**PROBLEM REQUIREMENTS**: Leave every picture out, and write out the remaining entries exactly.
Top of DATA FOR THIS EXERCISE
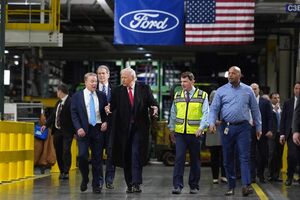 Donald Trump na visita à fábrica da Ford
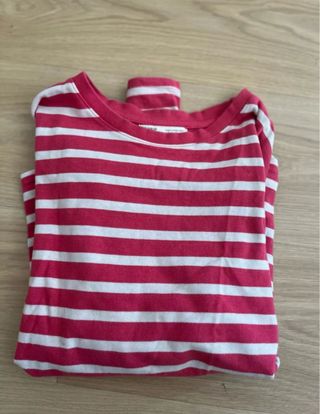 Sudadera de rayas rojas y blancas oversize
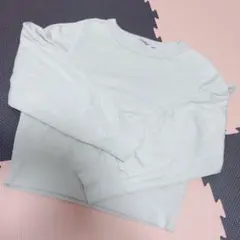 ユニクロ　ショート丈トレーナー　美品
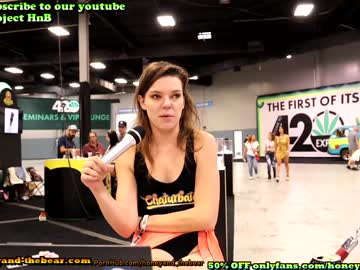 cam couple porn honeyand_thebear image #2702752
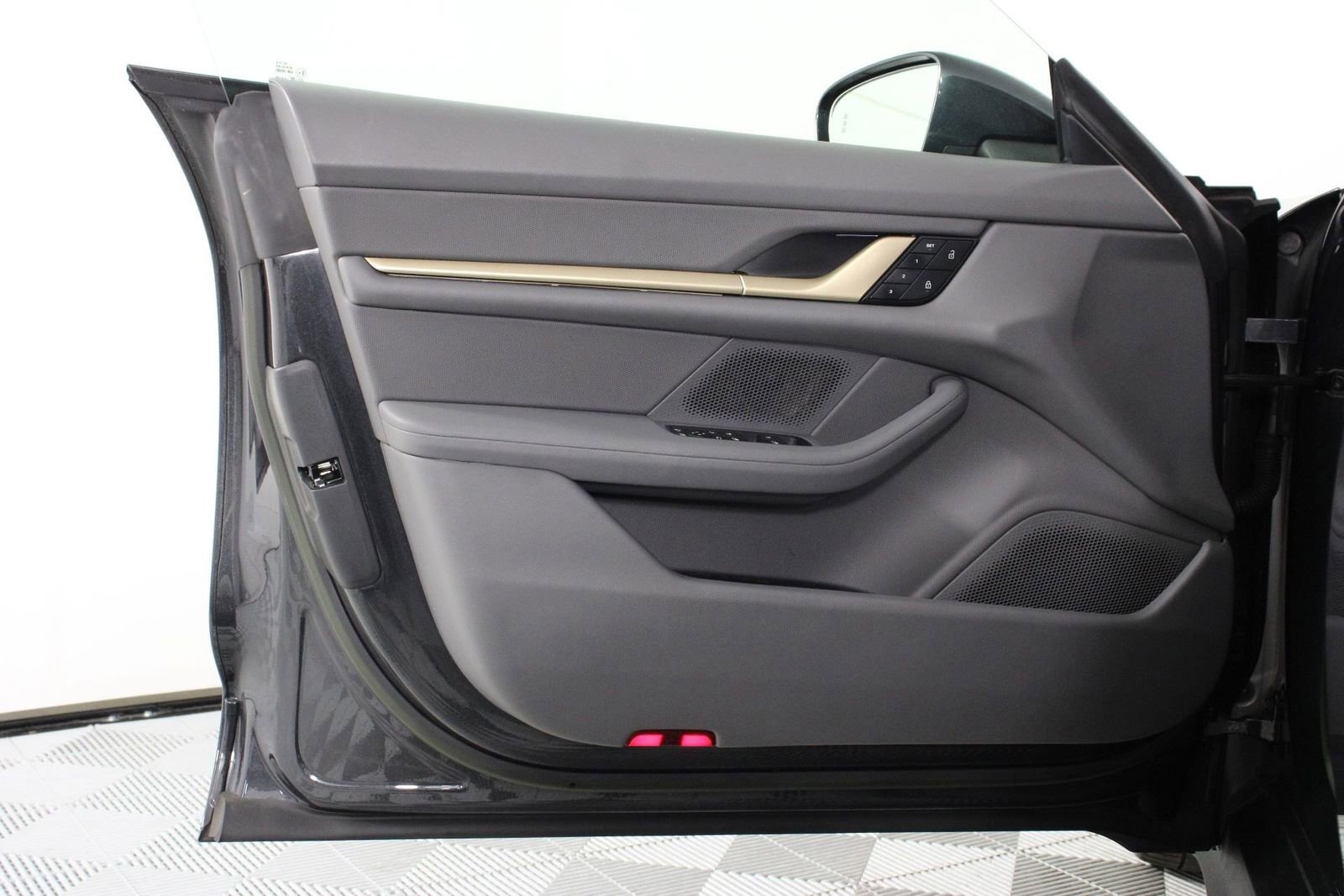 Certified 2023 Porsche Taycan image 20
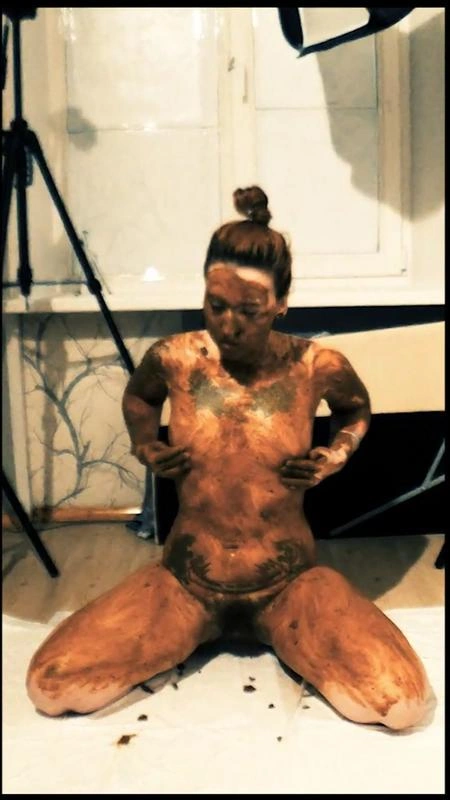 Vertical SSSmearing ALL Body DirtyBetty [FullHD/2021]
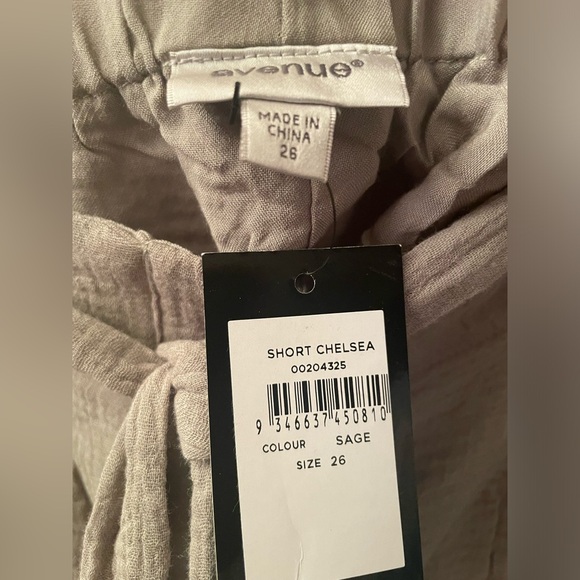 Avenue Chelsea shorts NWT size 4x - Picture 2 of 3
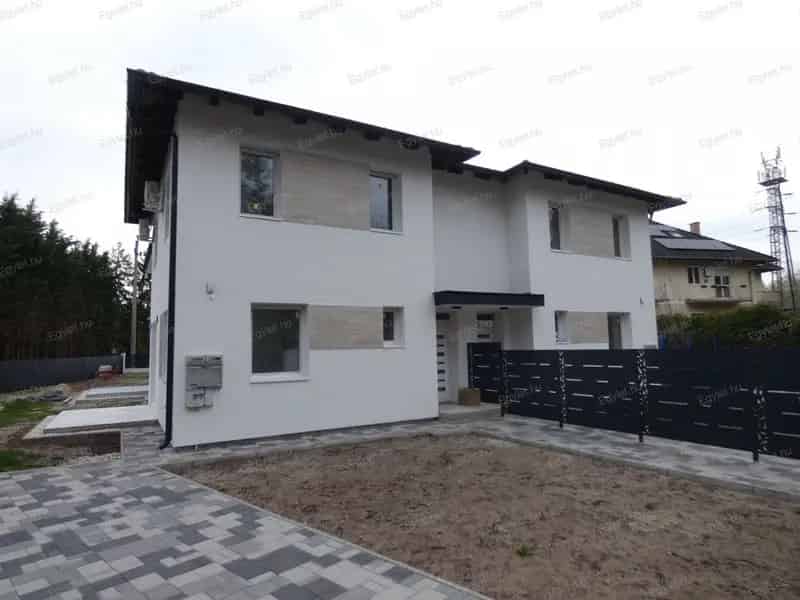 Ház Kiadó , Budapest, Közép-Magyarország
Bottom of DATA FOR THIS EXERCISE
**RESPONSE TO THIS TASK**:
 Donald Trump na visita à fábrica da Ford
 Sudadera de rayas rojas y blancas oversize
 ユニクロ　ショート丈トレーナー　美品
 cam couple porn honeyand_thebear image #2702752
 Certified 2023 Porsche Taycan image 20
 Vertical SSSmearing ALL Body DirtyBetty [FullHD/2021]
 Avenue Chelsea shorts NWT size 4x - Picture 2 of 3
 Ház Kiadó , Budapest, Közép-Magyarország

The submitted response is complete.